How has the relationship between the buy and sellside evolved over the past few years?

Be29-Tina BachThere has been a great deal of talk about the buyside taking greater control, especially now as they have the inventory, However, the buyside still needs the sellside, and it is important to have a good working relationship because they still take the risk and help create the liquidity. I see the new trading platforms supplementing, rather than replacing, their liquidity in the marketplace.

We are trying to have as many counterparties as possible, including niche players, but in each case it is important that we understand how we each operate and can adapt to each other’s business models. This is why we have detailed discussions and ongoing dialogues explaining how we rank our counterparties, the way orders are worked, the pricing, settlement etc.

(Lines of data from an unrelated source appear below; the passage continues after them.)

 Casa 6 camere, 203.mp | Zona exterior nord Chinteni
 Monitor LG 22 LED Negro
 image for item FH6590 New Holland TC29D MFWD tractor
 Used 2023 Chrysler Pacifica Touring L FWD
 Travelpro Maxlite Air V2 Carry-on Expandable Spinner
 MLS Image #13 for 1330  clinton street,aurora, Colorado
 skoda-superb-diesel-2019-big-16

We also don’t just talk to the sales people and traders but also the syndication managers. We must be straightforward but fair in our dealings in order to get the best service.

How have things changed at Nordea in terms of the way you operate?

We started off as a trading desk and were much more focused on pure execution, but have changed the business model since the financial crisis, increased regulation and the growth of assets under management. In total Nordea Investment Management has close to E200bn AUM and almost 600 FTE’s, including 170 investment specialists. We operate with a boutique structure, which is supplemented from carefully selected external managers.

The fixed income desk covers a broad universe including investment grade and high yield credit, rates, emerging markets, repo, futures and credit derivatives. When I first joined there was only one trader, and the desk was quite separate. Now we are five fixed income traders, in a global team of twenty-four that trades across fixed income, FX and equities. We are in constant discussion with our portfolio managers. We no longer just offer advice on how to execute a trade, but also provide information on the securities, market conditions, liquidity and flows.

What are your biggest challenges and opportunities going forward?

I would say that our two biggest challenges today are regulation and compliance, which are not the same but closely related. The most important thing to do is to take leadership when addressing these issues and to have a co-ordinated and structured approach with all stakeholders. You not only have to adapt to the new world, but also give people much more information on how you work.

As for opportunities, we are putting a lot of work into TCA and I think it will become an important feature for clients to help identify liquidity sources and mitigate risk. We are also paying attention to the different platforms being developed and how we can become involved. Our knowledge of the market landscape can assist the management group in determining how to best proceed in certain investment decisions.

The ultimate goal is for us to provide the best returns for our customers. This requires that we in trading have a handle on the latest technologies, the regulatory landscape, and maintain an open dialogue with other sellside and buyside participants. We must be on top of the game to service our clients, and proactivity rather than reactivity is the way we do business. These challenges make me enjoy going to work every morning.

Biography:  Tina Bach has spent 25 years at Copenhagen based Nordea Investment Management with her latest position being chief dealer. She is currently involved in projects related to the new trading initiative and transaction cost analysis. She started her career trading Swedish bonds when interest rates were 500% as well as repos. Bach has also worked in sales targeting European pension funds and central banks worldwide and spent three years in Norway, setting up a sales desk to service local clients.